The Toronto apartment rental market is hot but with little new product, existing building stock expensive and often locked up by long-term investors, it’s a tough play to get into.
Toronto real estate investment firm Cranson Capital believes it has hit on a winning way for investors to benefit from the rental market by buying newly built condos at a discount from condo developers. Cranson Capital’s Toronto condo REIT is an alternative to buying or developing apartments in a market with skyrocketing land cost and rising rents.
Cranson is targeting condo developments that are coming onto the market now and presenting the double-barreled benefits of lower land costs and rising future rents.
Cranson’s analysis
“If we can get a block of units in these buildings and be the landlord and rent them out, as the rents go up everywhere else (because of rising land prices) we can have our rents escalate as well. Our costs aren’t going to be as high as the new guy because we are buying from a developer who bought the land years ago,” said Devon Cranson, the company’s president.

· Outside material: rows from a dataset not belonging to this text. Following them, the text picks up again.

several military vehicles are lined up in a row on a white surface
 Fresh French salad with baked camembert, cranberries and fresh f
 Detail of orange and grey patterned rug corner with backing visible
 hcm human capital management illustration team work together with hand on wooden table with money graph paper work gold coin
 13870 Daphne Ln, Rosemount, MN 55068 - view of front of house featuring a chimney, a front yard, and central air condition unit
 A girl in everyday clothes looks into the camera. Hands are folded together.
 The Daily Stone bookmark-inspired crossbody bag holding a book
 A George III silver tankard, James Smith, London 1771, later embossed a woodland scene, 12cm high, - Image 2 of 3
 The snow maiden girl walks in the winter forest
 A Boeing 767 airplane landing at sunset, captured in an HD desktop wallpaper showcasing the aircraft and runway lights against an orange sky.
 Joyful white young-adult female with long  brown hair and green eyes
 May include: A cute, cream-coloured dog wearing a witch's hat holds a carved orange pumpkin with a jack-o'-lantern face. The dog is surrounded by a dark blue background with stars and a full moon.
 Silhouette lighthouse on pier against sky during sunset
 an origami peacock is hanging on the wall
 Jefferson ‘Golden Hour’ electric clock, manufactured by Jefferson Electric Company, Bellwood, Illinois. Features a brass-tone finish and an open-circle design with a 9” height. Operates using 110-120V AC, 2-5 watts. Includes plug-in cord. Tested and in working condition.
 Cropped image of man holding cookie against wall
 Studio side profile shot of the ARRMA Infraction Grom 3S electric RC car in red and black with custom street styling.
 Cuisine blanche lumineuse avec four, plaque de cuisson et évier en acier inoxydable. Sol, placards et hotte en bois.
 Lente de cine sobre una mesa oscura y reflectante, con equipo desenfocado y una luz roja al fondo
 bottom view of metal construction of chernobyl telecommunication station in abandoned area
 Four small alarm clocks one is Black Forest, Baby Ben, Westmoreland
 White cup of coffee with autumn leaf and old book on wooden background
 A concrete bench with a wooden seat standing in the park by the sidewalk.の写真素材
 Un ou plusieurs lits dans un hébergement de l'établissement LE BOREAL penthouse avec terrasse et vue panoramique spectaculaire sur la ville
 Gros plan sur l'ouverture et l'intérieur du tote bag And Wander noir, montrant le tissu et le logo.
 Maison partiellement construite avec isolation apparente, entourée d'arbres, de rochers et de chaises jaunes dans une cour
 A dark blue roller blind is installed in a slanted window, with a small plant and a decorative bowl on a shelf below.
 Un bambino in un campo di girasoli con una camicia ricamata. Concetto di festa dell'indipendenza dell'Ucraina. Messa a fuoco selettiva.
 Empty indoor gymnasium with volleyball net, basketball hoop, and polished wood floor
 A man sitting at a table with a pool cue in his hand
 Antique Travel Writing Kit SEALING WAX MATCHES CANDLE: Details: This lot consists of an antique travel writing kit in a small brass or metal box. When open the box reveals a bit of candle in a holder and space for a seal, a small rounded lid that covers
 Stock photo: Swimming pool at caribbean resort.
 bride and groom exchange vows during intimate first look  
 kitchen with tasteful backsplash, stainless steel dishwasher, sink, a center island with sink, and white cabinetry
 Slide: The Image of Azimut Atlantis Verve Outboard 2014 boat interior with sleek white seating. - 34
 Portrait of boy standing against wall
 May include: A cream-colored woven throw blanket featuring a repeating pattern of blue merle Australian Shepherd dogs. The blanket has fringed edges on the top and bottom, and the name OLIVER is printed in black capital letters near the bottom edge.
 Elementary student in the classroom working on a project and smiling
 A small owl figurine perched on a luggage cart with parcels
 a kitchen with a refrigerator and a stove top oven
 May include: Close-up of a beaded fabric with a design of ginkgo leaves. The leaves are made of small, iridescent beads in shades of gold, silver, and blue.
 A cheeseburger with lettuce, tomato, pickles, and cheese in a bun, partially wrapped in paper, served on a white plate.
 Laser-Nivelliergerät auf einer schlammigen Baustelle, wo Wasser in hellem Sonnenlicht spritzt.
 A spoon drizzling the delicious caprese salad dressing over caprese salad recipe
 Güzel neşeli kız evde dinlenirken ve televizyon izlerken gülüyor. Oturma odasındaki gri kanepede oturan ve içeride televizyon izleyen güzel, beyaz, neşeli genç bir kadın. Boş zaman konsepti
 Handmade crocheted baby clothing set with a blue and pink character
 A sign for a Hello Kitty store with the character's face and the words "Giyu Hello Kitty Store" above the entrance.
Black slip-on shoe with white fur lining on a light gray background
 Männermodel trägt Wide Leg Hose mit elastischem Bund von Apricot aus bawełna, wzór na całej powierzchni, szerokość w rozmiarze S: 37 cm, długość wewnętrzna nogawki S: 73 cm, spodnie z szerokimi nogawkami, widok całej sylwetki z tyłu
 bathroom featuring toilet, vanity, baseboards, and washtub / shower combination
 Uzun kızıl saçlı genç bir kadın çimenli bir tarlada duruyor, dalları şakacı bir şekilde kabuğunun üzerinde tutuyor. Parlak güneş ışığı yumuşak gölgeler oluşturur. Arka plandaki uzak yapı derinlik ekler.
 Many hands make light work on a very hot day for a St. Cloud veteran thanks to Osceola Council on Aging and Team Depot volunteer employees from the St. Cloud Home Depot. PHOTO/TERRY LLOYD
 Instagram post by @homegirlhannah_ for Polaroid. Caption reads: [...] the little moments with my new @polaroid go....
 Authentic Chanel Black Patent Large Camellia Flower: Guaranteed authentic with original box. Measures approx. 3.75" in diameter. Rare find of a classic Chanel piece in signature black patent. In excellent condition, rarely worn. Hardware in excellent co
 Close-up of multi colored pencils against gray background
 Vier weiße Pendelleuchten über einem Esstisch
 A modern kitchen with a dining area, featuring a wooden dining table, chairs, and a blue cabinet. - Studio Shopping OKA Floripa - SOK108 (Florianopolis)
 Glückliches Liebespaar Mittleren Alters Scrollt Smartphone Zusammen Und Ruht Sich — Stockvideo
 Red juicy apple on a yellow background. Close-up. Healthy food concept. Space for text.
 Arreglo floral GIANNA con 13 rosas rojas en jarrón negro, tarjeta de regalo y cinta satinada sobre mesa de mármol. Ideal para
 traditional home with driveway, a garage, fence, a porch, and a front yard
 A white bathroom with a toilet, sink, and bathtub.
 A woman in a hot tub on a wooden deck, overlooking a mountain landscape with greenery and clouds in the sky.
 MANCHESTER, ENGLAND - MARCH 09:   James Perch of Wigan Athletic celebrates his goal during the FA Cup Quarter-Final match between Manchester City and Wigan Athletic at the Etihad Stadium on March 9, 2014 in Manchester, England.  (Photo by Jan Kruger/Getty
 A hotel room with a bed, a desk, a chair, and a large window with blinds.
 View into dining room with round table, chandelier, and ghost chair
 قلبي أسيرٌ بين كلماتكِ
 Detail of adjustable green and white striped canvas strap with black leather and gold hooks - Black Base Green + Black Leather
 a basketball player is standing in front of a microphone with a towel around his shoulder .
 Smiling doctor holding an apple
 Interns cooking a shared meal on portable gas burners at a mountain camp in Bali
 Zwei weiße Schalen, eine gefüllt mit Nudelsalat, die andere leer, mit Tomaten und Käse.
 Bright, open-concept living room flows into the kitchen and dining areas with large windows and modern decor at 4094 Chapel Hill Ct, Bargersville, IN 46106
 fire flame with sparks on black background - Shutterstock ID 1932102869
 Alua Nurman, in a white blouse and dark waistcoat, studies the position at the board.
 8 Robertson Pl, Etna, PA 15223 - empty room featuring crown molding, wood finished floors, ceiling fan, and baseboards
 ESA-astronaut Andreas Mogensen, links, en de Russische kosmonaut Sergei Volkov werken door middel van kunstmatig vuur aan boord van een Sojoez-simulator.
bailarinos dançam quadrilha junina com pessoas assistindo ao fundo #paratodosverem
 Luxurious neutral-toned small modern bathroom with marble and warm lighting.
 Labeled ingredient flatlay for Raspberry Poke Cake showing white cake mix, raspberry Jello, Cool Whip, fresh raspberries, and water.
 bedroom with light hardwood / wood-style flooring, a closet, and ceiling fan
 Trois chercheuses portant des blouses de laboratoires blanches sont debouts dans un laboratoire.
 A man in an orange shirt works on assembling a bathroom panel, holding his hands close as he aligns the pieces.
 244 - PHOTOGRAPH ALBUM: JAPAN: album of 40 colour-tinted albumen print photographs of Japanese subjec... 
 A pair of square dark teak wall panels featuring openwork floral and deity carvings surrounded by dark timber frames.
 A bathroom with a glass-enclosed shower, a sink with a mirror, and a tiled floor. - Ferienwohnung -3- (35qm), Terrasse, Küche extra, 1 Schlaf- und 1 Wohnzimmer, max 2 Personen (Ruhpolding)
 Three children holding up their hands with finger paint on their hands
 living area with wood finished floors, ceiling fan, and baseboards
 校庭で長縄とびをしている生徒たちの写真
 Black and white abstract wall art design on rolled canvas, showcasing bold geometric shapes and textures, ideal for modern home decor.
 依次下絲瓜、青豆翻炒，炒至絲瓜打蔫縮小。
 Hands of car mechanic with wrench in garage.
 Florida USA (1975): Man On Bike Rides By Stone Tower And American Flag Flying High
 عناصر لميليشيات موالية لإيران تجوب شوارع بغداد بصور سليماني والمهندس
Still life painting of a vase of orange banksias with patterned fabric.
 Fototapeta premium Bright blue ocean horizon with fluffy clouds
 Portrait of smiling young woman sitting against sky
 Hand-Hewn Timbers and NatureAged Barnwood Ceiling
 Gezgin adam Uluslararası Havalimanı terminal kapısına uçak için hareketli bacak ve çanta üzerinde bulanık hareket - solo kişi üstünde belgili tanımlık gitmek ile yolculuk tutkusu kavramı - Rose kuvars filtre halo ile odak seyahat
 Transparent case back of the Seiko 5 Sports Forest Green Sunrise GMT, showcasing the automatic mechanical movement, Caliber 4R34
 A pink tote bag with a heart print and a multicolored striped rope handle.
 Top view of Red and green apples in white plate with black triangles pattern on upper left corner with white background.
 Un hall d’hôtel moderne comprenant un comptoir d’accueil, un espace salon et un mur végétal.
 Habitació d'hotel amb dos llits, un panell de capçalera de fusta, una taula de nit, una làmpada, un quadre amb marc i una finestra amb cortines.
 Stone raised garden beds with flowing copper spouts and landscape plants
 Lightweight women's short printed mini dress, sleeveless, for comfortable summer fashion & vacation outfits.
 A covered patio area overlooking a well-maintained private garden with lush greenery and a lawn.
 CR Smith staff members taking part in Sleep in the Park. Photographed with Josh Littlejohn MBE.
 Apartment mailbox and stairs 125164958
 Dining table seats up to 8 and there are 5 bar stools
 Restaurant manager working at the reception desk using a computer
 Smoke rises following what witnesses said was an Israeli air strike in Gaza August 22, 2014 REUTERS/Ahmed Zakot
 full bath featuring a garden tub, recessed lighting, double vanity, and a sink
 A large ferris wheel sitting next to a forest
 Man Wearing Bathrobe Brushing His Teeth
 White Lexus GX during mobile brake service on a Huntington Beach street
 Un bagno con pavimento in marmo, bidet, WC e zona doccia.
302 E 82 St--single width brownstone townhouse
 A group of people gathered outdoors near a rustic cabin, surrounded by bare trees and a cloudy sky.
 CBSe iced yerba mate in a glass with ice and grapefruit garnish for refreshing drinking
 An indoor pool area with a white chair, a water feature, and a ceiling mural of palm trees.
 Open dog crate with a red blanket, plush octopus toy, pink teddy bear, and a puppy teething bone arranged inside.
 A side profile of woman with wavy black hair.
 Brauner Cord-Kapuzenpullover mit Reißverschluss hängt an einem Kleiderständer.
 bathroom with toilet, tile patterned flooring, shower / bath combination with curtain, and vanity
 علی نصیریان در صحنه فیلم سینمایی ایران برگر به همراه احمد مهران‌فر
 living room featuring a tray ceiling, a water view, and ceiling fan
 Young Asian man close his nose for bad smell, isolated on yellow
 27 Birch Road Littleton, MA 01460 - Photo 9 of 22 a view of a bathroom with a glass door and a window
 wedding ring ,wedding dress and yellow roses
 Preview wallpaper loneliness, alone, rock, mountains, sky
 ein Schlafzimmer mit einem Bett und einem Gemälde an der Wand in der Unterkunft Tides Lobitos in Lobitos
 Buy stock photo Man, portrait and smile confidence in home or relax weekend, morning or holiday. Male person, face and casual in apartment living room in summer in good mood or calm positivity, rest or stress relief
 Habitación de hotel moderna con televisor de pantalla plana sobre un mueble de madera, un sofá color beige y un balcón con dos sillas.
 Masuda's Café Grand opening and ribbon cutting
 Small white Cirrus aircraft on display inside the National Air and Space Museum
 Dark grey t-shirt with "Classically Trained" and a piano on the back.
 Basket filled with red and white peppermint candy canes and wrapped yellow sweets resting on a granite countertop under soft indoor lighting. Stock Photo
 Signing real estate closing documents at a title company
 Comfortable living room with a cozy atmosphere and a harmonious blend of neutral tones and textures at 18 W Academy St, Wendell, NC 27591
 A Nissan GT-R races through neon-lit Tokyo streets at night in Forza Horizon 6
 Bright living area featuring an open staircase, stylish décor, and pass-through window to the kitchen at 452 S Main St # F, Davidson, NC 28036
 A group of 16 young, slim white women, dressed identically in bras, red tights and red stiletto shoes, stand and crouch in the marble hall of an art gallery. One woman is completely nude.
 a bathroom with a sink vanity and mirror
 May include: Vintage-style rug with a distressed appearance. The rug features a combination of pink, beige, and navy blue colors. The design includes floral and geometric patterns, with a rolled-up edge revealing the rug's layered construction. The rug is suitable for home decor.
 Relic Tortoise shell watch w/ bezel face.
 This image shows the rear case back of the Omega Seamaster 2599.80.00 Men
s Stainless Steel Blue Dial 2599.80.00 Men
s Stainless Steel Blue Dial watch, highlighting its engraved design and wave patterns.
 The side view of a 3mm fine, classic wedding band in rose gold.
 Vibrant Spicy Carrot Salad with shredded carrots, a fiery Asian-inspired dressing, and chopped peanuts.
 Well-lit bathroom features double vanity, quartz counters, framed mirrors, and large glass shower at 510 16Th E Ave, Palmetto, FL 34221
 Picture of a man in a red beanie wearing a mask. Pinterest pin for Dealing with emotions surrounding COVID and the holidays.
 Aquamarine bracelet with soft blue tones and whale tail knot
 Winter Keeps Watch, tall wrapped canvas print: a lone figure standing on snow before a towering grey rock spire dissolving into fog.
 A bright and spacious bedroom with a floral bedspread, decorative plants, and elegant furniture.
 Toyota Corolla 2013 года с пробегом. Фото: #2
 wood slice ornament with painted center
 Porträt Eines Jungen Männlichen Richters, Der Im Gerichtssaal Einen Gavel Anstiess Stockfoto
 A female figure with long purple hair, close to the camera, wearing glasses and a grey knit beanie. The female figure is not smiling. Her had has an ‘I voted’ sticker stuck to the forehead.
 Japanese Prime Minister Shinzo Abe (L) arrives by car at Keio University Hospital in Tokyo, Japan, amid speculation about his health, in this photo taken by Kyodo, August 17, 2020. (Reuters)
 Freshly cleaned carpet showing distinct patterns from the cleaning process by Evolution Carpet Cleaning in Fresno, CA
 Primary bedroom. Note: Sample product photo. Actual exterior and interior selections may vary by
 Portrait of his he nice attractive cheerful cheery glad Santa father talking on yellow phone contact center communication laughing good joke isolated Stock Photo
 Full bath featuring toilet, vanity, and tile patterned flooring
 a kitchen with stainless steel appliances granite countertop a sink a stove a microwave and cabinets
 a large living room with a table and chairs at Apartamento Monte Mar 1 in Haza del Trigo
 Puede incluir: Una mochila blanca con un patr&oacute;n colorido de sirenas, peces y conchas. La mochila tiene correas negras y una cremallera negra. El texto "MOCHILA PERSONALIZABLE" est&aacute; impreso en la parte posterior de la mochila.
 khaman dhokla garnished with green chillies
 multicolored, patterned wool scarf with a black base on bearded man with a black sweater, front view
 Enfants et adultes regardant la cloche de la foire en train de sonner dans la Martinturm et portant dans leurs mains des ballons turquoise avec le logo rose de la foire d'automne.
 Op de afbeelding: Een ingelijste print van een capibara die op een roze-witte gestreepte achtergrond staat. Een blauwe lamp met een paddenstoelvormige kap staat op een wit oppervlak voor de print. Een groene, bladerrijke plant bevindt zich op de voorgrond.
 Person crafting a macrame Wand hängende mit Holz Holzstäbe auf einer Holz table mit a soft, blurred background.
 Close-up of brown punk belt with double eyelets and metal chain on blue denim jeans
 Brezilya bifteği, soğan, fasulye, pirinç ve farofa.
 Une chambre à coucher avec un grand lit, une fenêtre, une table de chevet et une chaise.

“We’re also going to have a head start. We are going to be in the rental game in 2016 where right now there is a need and by 2019, 2020 our rents will be much higher, the value of our units will be much higher and we will be in a good position by then.”
The company’s president explained the plan initially was to either buy existing rental or develop in the city but quickly found out that it was priced out of the market.
“We like many have realized that condo is the new rental. Vacancy rates in the GTA are under 2% and in the downtown core it has been as low as 0.5%. There is a demand for rental and there is no supply so condo has been fulfilling that.”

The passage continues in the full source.